Son günlerde İstanbul ve Bursa’da Culex cinsi sivrisineklerden bulaşan Batı Nil virüsü enfeksiyonu vakalarında artış gözlemleniyor. Sağlık Bakanlığı 2024 yılında 6 kişide Batı Nil virüsü tespit edildiğini açıkladı. Batı Nil virüsü ile ilgili bilgileri hayvan kaynaklı virüs hastalıkları konusunda uzman Dokuz Eylül Üniversitesi Tıbbi Mikrobiyoloji Anabilim Dalı Viroloji Bilim Dalı Öğretim Üyesi Prof. Dr. Mehmet Ali Öktem Türkiye Gazetesi'ne anlattı. Virüsün bir aşısı ya da özel bir tedavisi olmadığını belirten Prof. Dr. Öktem tek korunma yolunu açıkladı.

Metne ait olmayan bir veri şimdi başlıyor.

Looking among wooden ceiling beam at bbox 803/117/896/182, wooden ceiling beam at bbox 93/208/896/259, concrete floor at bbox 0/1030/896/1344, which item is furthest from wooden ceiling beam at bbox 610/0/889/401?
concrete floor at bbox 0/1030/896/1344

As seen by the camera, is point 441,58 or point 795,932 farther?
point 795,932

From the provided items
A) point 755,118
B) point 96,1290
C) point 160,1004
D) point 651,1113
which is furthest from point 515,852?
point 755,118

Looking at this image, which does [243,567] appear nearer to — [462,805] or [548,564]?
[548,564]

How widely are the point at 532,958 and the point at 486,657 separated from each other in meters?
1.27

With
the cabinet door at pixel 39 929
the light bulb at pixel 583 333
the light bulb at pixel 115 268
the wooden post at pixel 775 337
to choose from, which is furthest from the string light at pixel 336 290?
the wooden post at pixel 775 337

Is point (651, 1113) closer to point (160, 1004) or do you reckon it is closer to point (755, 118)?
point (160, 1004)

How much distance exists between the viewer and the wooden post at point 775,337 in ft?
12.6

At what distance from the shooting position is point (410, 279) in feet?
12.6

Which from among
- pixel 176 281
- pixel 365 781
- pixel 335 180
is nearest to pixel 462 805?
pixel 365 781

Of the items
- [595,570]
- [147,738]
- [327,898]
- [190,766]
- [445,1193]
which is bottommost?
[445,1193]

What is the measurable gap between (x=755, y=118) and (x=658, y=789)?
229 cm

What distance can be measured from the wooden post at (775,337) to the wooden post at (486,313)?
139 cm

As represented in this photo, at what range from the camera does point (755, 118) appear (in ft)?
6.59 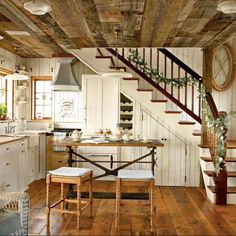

Batı Nil virüsünün enfekte olmuş kuşların kanını emen ve Türkiye’de de bulunan Culex cinsi sivrisineklerin insanları ısırması sonucu bulaştığını belirten Prof. Dr. Öktem, “Virüs ağırlıklı olarak bir tür sivrisinekle bulaşıyor ancak diğerleriyle de bulaşmayacağı konusunda bir garanti yok.” dedi.
Virüsü almış yaklaşık her 5 kişiden 1’inde ateşle beraber ishal, kusma, eklem ağrıları, baş ağrısı, vücut ağrıları veya döküntü gibi diğer belirtiler gelişebildiğini aktaran Prof. Dr. Öktem “Virüs alan kişilerin bir bölümünde ensefalit (beyin iltihabı) veya menenjit (beyin ve omurilik zarı iltihabı) gibi ciddi bir nörolojik hastalık gelişir. Nörolojik hastalık belirtileri; baş ağrısı, yüksek ateş, ense sertliği, oryantasyon bozukluğu, koma, titremeler, nöbetler veya felçtir. Çoğu kişi bu tip Batı Nil ateşi hastalığından tamamen kurtulur ancak yorgunluk ve halsizlik haftalar veya aylarca devam edebilir. Şunu da ekleyelim her sivrisinekten bulaşmıyor. Sadece enfekte kuşlarla temas etmiş sivrisinekler virüsü bulaştırıyor.” dedi.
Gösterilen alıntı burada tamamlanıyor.